Les patients du groupe intervention ont effectué quotidiennement et consécutivement des exercices isométriques (statiques), isotoniques (dynamiques), de stockage d'énergie (pliométrie) et spécifiques au sport, dans les limites de la douleur acceptable. La charge progressive était administrée en fonction de la réponse individuelle à la douleur (échelle visuelle analogique, score EVA ≤3 points sur une échelle de 0 à 10).
Niveau 1 : 5*45 secondes d’isométrique quotidien. Single leg press ou leg extension. 60 degrés d’angulation de genou. 70% de la MVIC.
Niveau 2 : 1 jour sur 2 les exercices isométriques du jour 1 + 1 jour sur 2 des exercices isotoniques qui consistaient sur les mêmes exercices en 4*15 répétitions entre 10 et 60 degrés de flexion de genou. Plus tard dans le programme, la prescription isotonique devenait 4*6 répétitions à faire entre 0 et 90 degrés de flexion.
Niveau 3 : Intégration tous les 3ème jours d’exercices pliométriques, donc la course, les sauts, et les CODs. 3*10 répétitions en exercice bilatéral, puis plus tard dans le programme 6*10 répétitions sur une seule jambe.
Niveau 4 : Réintégration du sport tous les 2 à 3 jours. L’isométrique du niveau 1 est continué lorsqu’il n’y a pas d’entrainement spécifique au sport.
Les patients du groupe contrôle (EET, pain-provoking eccentric exercise therapy, à gauche sur le diagramme ci-dessus) ont effectué des exercices excentriques sur une planche à décliner avec une pente de 25°, 2 fois par jour pendant 12 semaines (niveau 1).
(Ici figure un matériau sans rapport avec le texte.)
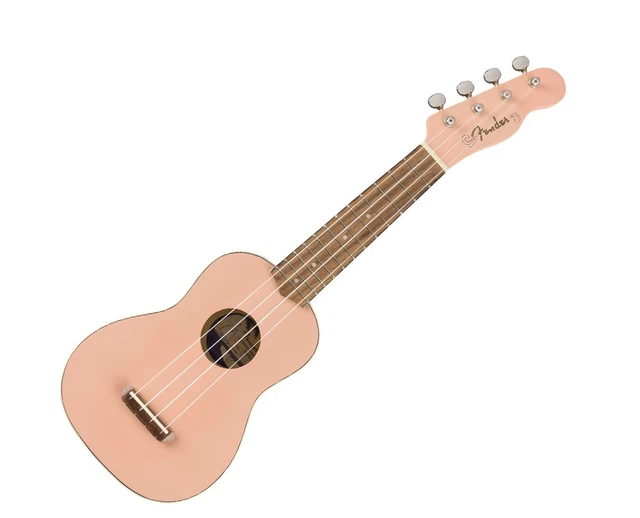 Open Box Fender Venice Soprano Uke Walnut - Shell Pink w/ Walnut Fingerboard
La remontée se faisant à chaque fois grâce au membre inférieur controlatéral, avec une douleur recherchée >5/10. SI nécessaire, de la charge additionnelle était placée dans un sac à dos pour provoquer la douleur. Lorsque la douleur, même avec charge additionnelle, devenait inférieure à 3/10 lors du niveau 1, des exercices sport-spécifique étaient repris (niveau 2), et les exercices du niveau 1 étaient alors seulement conservés 2 fois par semaine.

Résultats

 Score VISA-P

Le score VISA-P moyen estimé s'est amélioré de manière significative, passant de 56 (IC 95 % 52 à 61) au départ à 84 (IC 95 % 79 à 89) p<0,001 à 24 semaines dans le groupe PTLE et de 57 (IC 95 % 53 à 62) à 75 (IC 95 % 69 à 82) p<0,001 dans le groupe EET.

 Retour au Sport

Dans le groupe PTLE, 21% (n=7) ont repris le sport souhaité au niveau d'avant la blessure après 12 semaines et 43% (n=16) après 24 semaines.
Dans le groupe EET, 7 % (n=2) ont repris le sport souhaité au niveau d'avant la blessure après 12 semaines et 27 % (n=8) après 24 semaines.